Goal of the exercise. Would you give back exactly the lines from the line with "Focus Pads RDX" through the end of the entries below, both included, but none of the pictures?

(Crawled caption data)

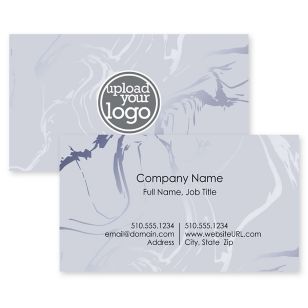 Soft Swirls Business Card 2x3-1/2 Rectangle Horizontal - Iron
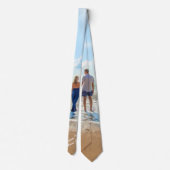 Benutzerdefiniertes Foto Neck Tie Geschenk Ihre Fo Krawatte (Rückseite)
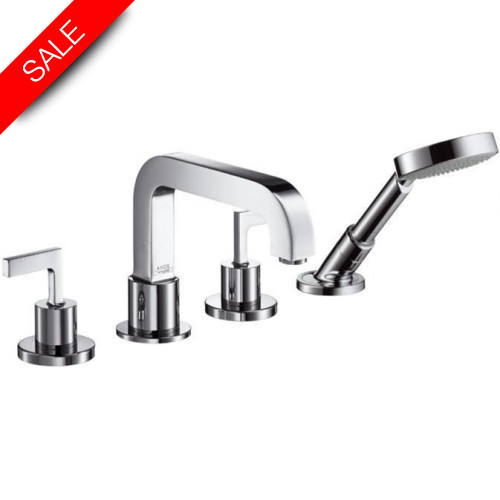 Hansgrohe - Bathrooms - Citterio 4-Hole Rim Mounted Bath Mixer With Lever Handles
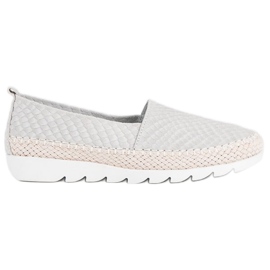 Filippo Espadrilles à enfiler en cuir gris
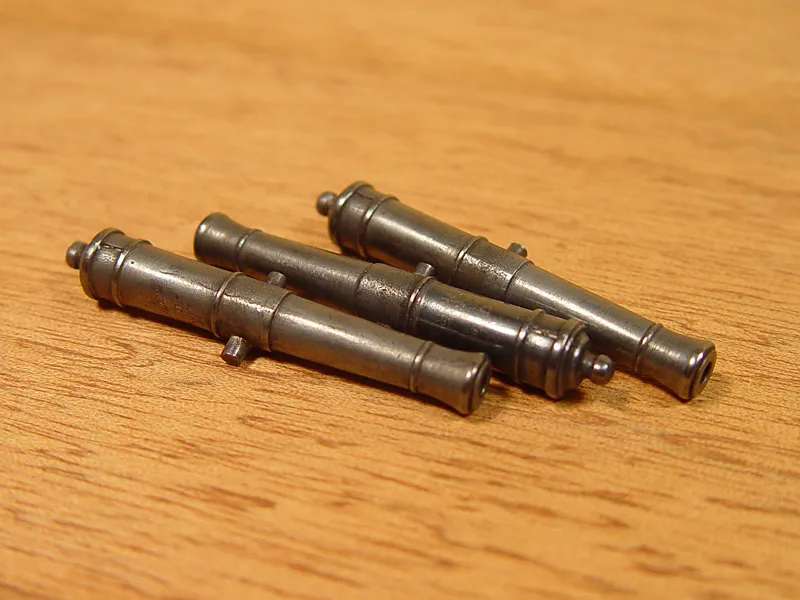 6-фунтовая пушка, Франция, металл, чернение, 46 мм 6-фунтовая пушка, Франция, металл, чернение, 46 мм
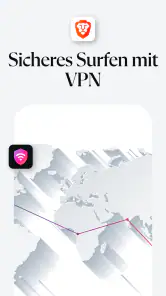 Brave Private VPN Webbrowser screenshot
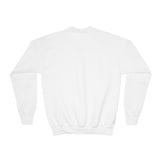 Youth Crewneck Sweatshirt-Friendliest Face of Halloween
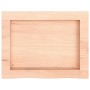 Estante de pared madera maciza roble sin tratar 40x30x(2-4) cm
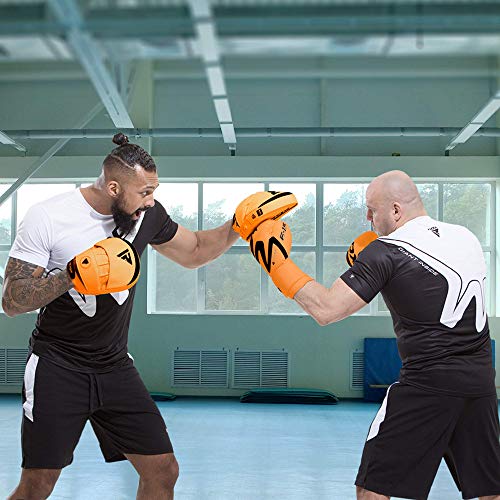 RDX MMA Manoplas Boxeo Paos Muay Thai Guantes Saco Kick Boxing Almohadilla Artes Marciales Patada Gancho y Jab Pad Entrenamiento Focus Pads RDX MMA Manoplas Boxeo Paos Muay Thai Guantes Saco Kick Boxing Almohadilla Artes Marciales Patada Gancho y Jab Pad Entrenamiento Focus Pads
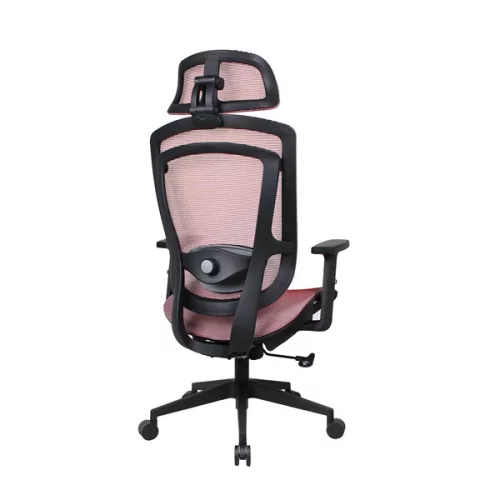 IRISOffice Nimbus crvena ergonomska uredska okretna stolica od tkanine i mreže s uzglavljem i naslonom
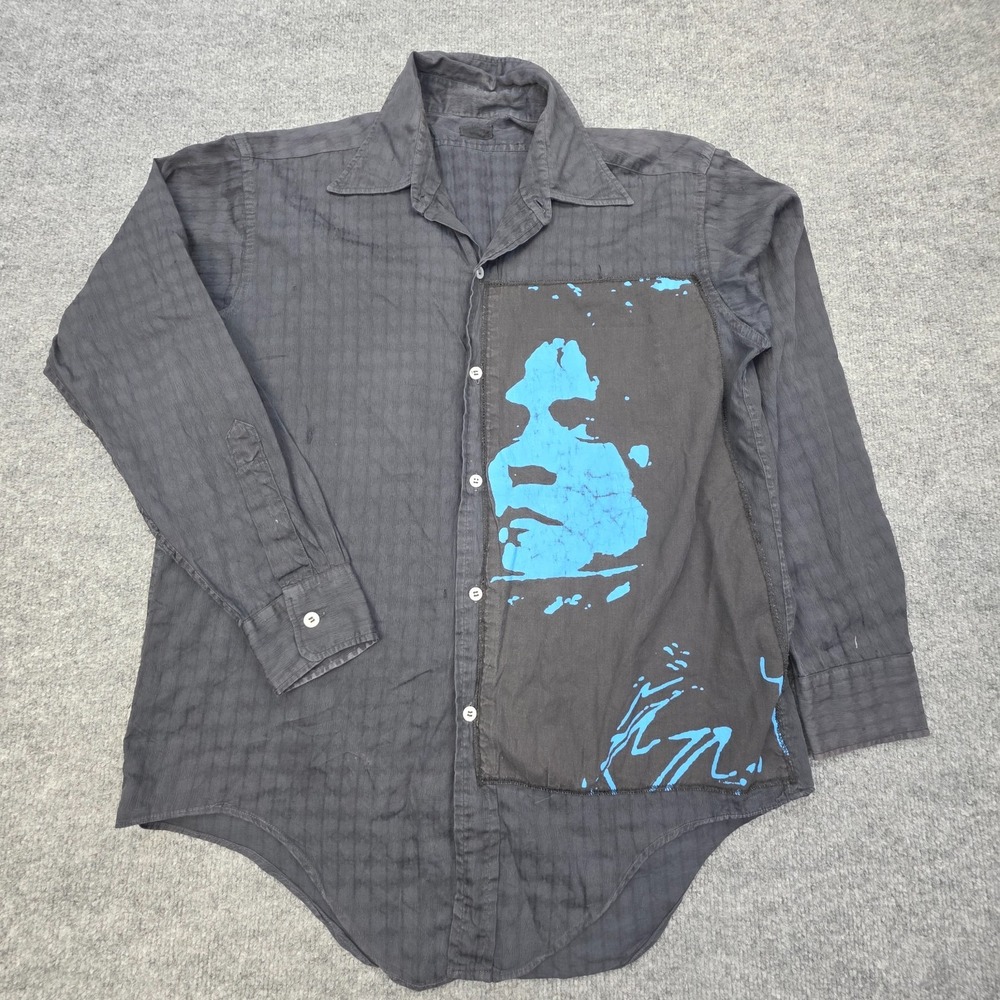Madison Square Michael Jackson Shirt Men's L/XL Black Graphic Embroidered RARE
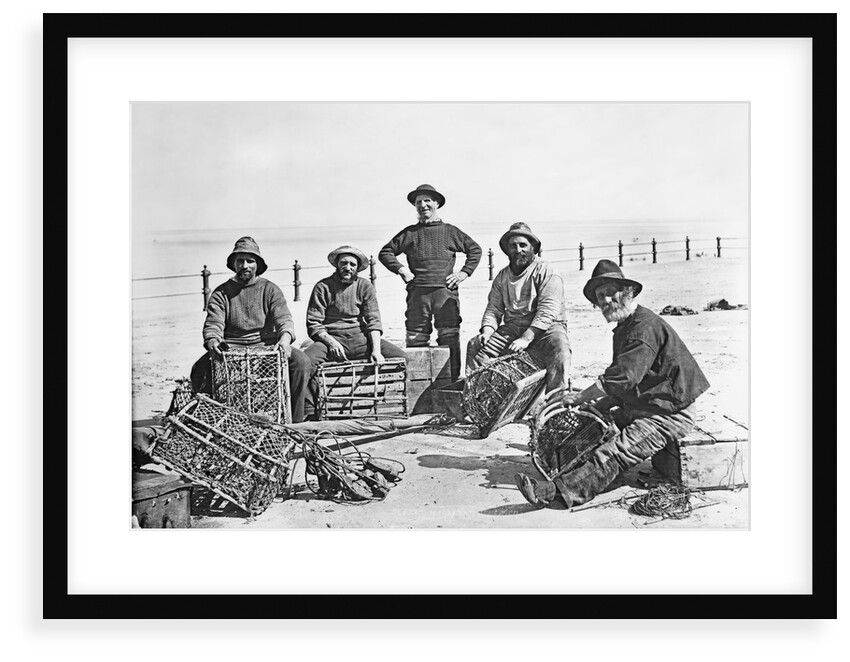 Fishermen with lobster pots, Sheringham, Norfolk by Francis Frith & Co.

Response to this exercise.
 RDX MMA Manoplas Boxeo Paos Muay Thai Guantes Saco Kick Boxing Almohadilla Artes Marciales Patada Gancho y Jab Pad Entrenamiento Focus Pads RDX MMA Manoplas Boxeo Paos Muay Thai Guantes Saco Kick Boxing Almohadilla Artes Marciales Patada Gancho y Jab Pad Entrenamiento Focus Pads
 IRISOffice Nimbus crvena ergonomska uredska okretna stolica od tkanine i mreže s uzglavljem i naslonom
Madison Square Michael Jackson Shirt Men's L/XL Black Graphic Embroidered RARE
 Fishermen with lobster pots, Sheringham, Norfolk by Francis Frith & Co.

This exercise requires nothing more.